Materials provided:

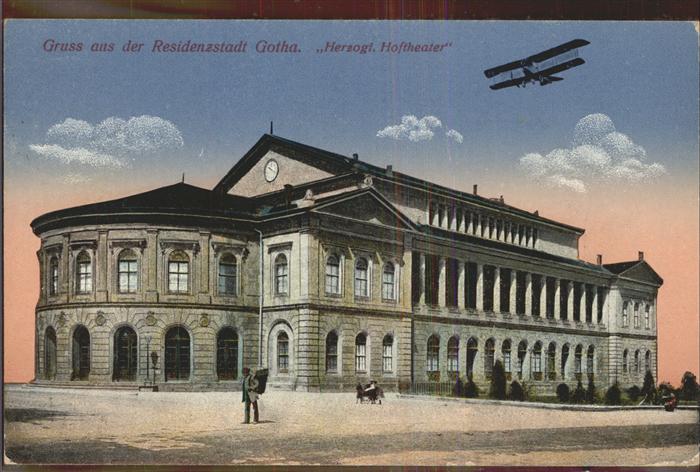 Gotha Thueringen Hoftheater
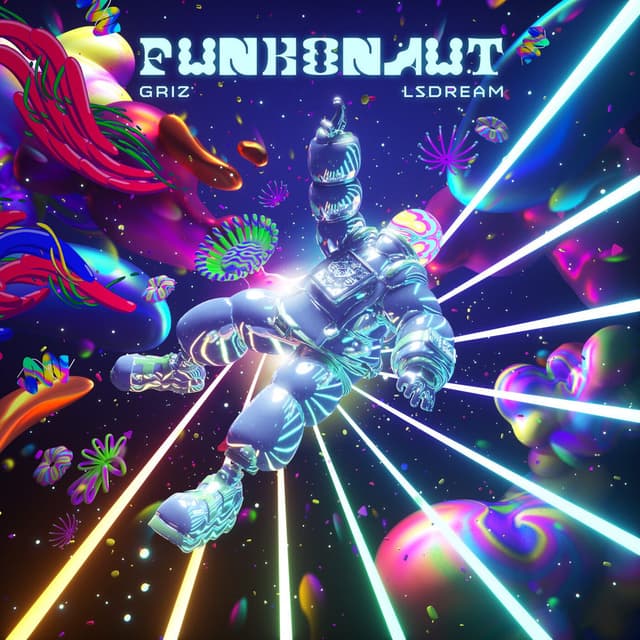 FUNKONAUT cover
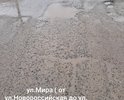 ул.МИРА ( от ул.Новороссийской до ул.Почтовой) частично разрушено  асфальтовое покрытие дороги. От ул.Новороссийской  до ул.Колхозной  по ул.МИРА отсутствует отсыпка вдоль дороги, так же отсутствует тротуар. Школьникам приходится идти в школу по проезжей части дороги к школе, которая находится на пересечение улиц Мира и Почтовой. Во время дождя  по ул.Мира вода течет по асфальтовому покрытию, т.к. отсутствует ливневка.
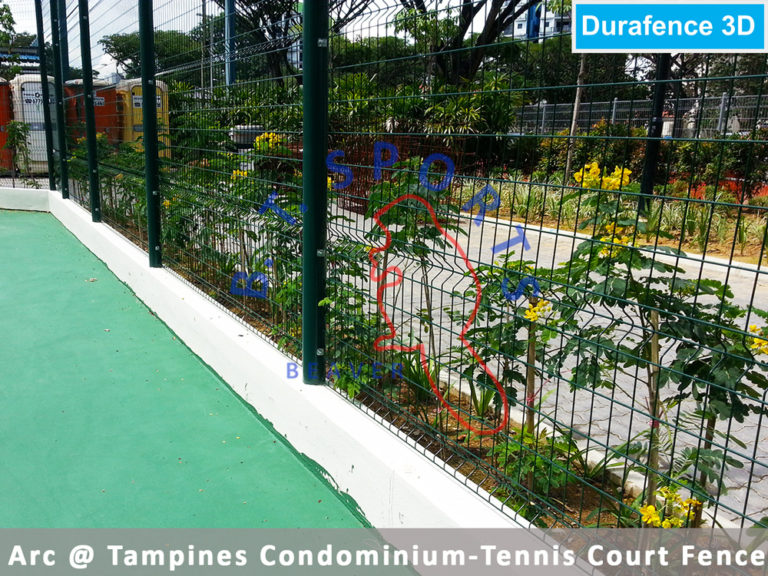Arc-At-Tampines-Condo--Tennis-Court-Fence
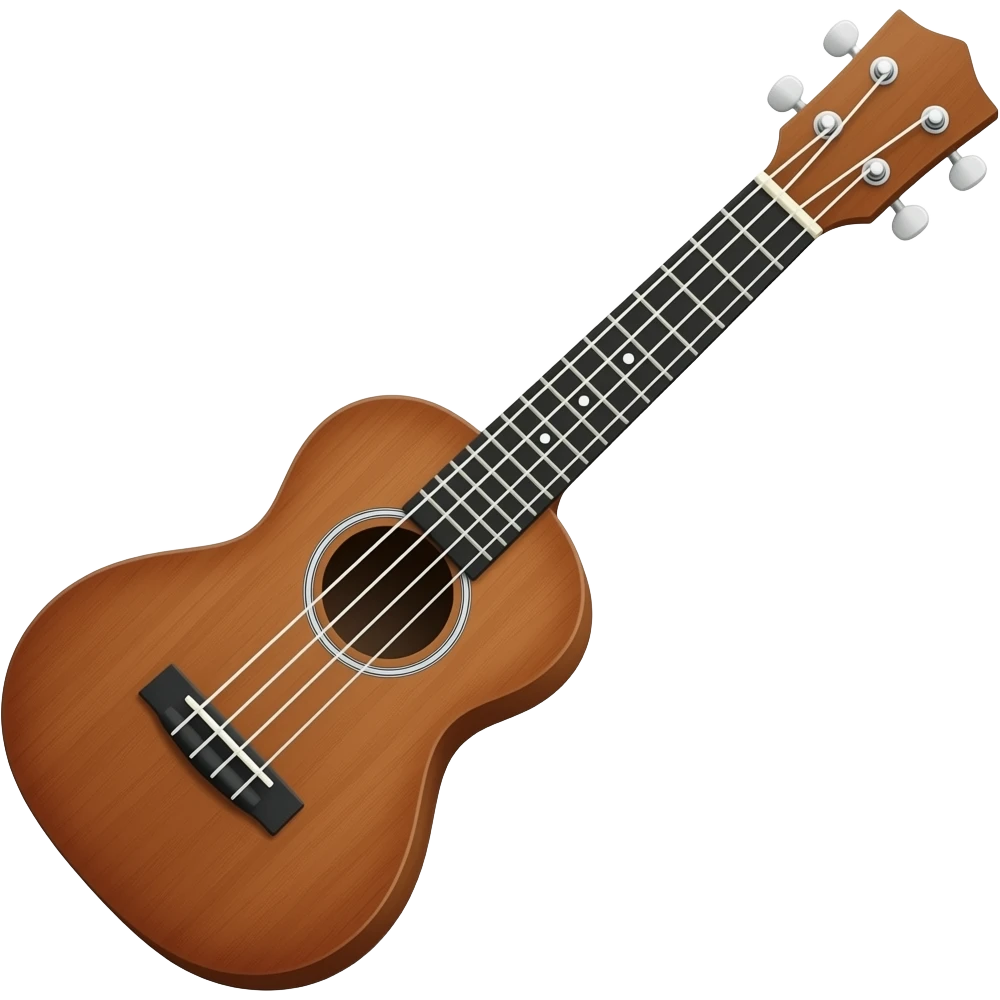 Ukulele emoji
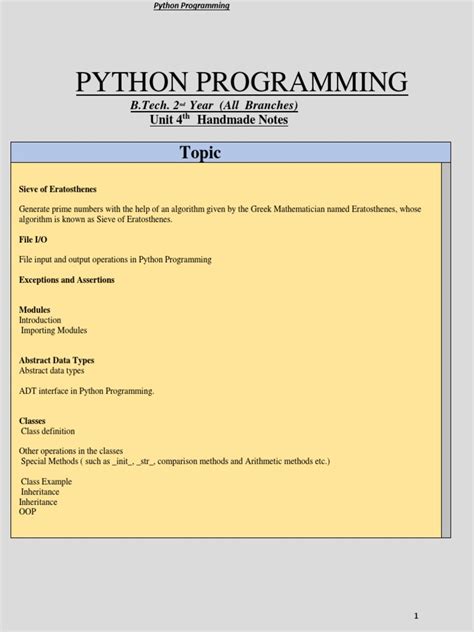 Image result for Python Programming PDF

What to work on:
All the data above is to be transcribed exactly, with no pictures included.

Response:
 Gotha Thueringen Hoftheater
 FUNKONAUT cover
 ул.МИРА ( от ул.Новороссийской до ул.Почтовой) частично разрушено  асфальтовое покрытие дороги. От ул.Новороссийской  до ул.Колхозной  по ул.МИРА отсутствует отсыпка вдоль дороги, так же отсутствует тротуар. Школьникам приходится идти в школу по проезжей части дороги к школе, которая находится на пересечение улиц Мира и Почтовой. Во время дождя  по ул.Мира вода течет по асфальтовому покрытию, т.к. отсутствует ливневка.
Arc-At-Tampines-Condo--Tennis-Court-Fence
 Ukulele emoji
 Image result for Python Programming PDF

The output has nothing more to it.